RECORDS FOR THE TASK -
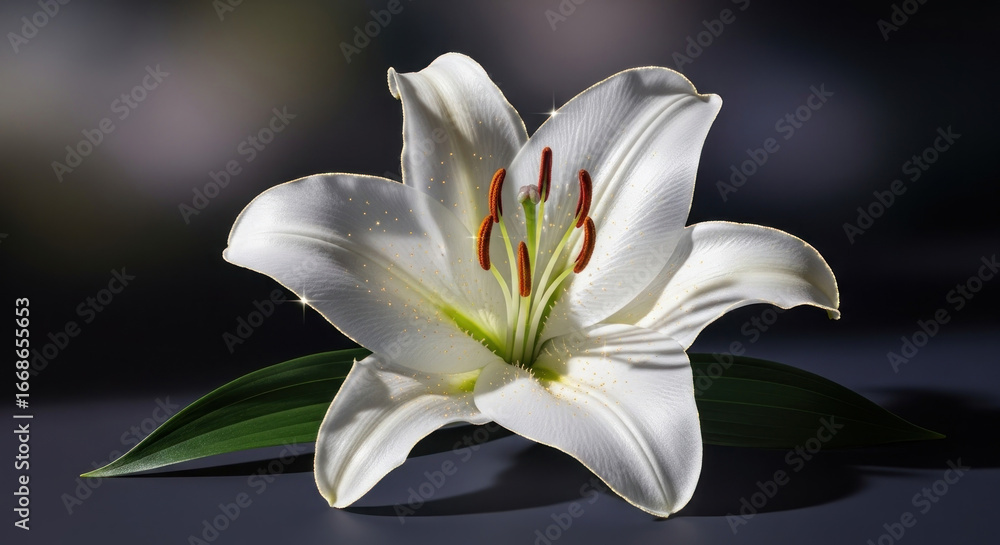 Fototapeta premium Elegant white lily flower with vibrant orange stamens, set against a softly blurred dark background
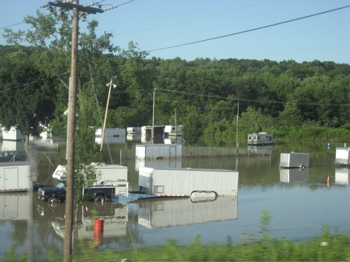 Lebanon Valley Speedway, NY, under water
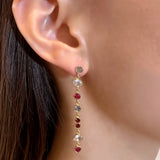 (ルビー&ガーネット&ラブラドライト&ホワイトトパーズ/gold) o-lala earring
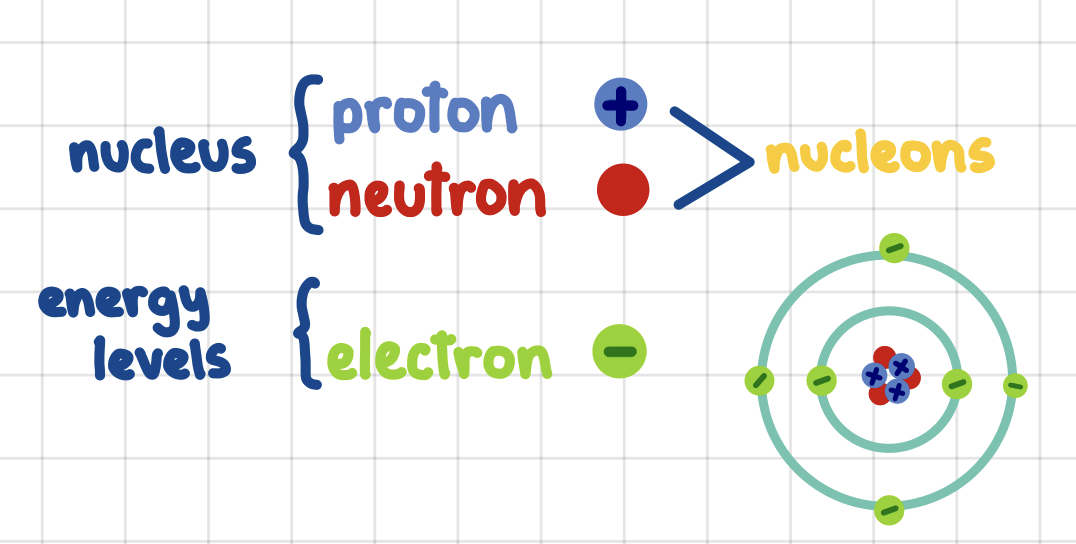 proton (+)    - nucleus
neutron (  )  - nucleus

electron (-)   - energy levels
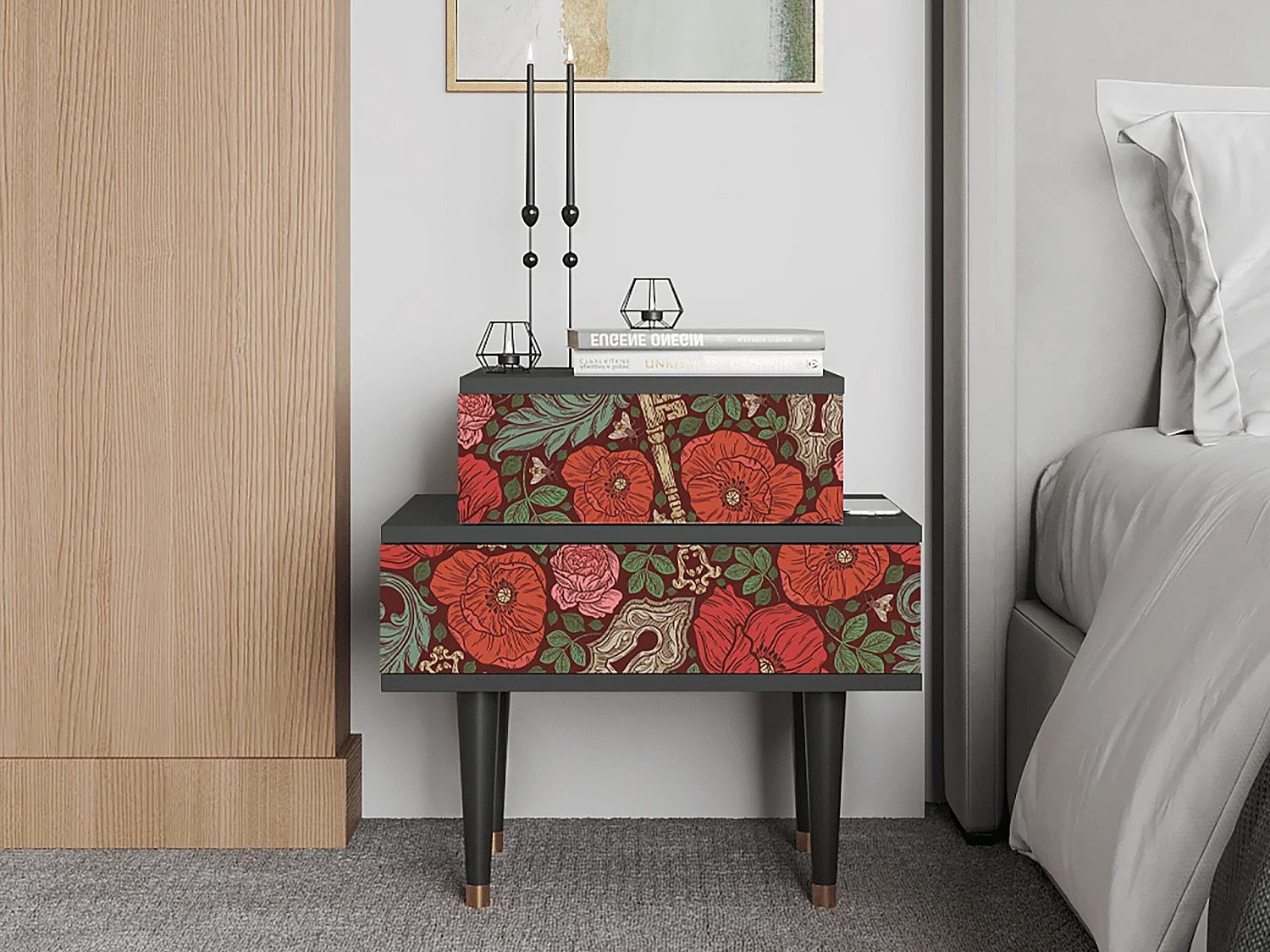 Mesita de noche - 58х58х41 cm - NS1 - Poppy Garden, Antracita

TO DO - Without including any pictures, reproduce the data exactly.

REPLY TO THE TASK -
 Fototapeta premium Elegant white lily flower with vibrant orange stamens, set against a softly blurred dark background
 Lebanon Valley Speedway, NY, under water
 (ルビー&ガーネット&ラブラドライト&ホワイトトパーズ/gold) o-lala earring
 proton (+)    - nucleus
neutron (  )  - nucleus

electron (-)   - energy levels
 Mesita de noche - 58х58х41 cm - NS1 - Poppy Garden, Antracita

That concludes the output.